Saved entries
<<<<

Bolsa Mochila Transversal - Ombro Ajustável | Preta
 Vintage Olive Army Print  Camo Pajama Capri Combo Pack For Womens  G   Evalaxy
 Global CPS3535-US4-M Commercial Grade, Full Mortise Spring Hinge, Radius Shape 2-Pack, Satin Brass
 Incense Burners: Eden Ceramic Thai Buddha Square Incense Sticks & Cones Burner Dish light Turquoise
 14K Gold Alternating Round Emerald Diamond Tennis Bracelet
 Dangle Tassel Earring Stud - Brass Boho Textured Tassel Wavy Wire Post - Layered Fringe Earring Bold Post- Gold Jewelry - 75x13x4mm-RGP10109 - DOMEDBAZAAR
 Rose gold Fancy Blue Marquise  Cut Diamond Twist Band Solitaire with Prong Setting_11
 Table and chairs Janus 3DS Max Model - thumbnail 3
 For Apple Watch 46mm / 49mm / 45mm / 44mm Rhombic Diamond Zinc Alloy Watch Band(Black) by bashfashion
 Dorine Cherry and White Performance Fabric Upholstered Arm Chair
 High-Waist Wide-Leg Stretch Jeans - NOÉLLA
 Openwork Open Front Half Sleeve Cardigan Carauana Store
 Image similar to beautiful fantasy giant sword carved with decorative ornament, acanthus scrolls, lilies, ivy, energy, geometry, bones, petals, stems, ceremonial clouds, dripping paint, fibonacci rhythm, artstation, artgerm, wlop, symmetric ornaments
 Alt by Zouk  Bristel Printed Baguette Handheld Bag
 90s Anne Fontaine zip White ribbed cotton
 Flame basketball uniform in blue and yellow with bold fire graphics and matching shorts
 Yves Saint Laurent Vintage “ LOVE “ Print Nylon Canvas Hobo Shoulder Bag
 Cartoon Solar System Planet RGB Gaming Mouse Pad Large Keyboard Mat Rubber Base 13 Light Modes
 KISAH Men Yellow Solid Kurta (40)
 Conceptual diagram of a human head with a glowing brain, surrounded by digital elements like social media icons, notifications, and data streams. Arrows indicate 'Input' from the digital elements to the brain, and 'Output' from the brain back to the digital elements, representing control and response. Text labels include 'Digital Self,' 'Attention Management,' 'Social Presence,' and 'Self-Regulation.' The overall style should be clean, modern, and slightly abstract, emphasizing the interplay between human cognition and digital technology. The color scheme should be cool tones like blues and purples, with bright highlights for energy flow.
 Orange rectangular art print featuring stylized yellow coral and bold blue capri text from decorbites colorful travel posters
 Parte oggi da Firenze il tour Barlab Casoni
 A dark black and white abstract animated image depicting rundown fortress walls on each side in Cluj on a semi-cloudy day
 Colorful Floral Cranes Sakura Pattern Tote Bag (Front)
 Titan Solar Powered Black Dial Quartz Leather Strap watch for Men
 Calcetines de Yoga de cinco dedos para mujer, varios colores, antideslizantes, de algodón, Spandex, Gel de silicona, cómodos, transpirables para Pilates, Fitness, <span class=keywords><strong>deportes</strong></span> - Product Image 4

>>>>

**WHAT THIS TASK INVOLVES**
When a line in the records above contains the word "Vintage", copy it.

**SOLUTION TO THE EXERCISE**
 Vintage Olive Army Print  Camo Pajama Capri Combo Pack For Womens  G   Evalaxy
 Yves Saint Laurent Vintage “ LOVE “ Print Nylon Canvas Hobo Shoulder Bag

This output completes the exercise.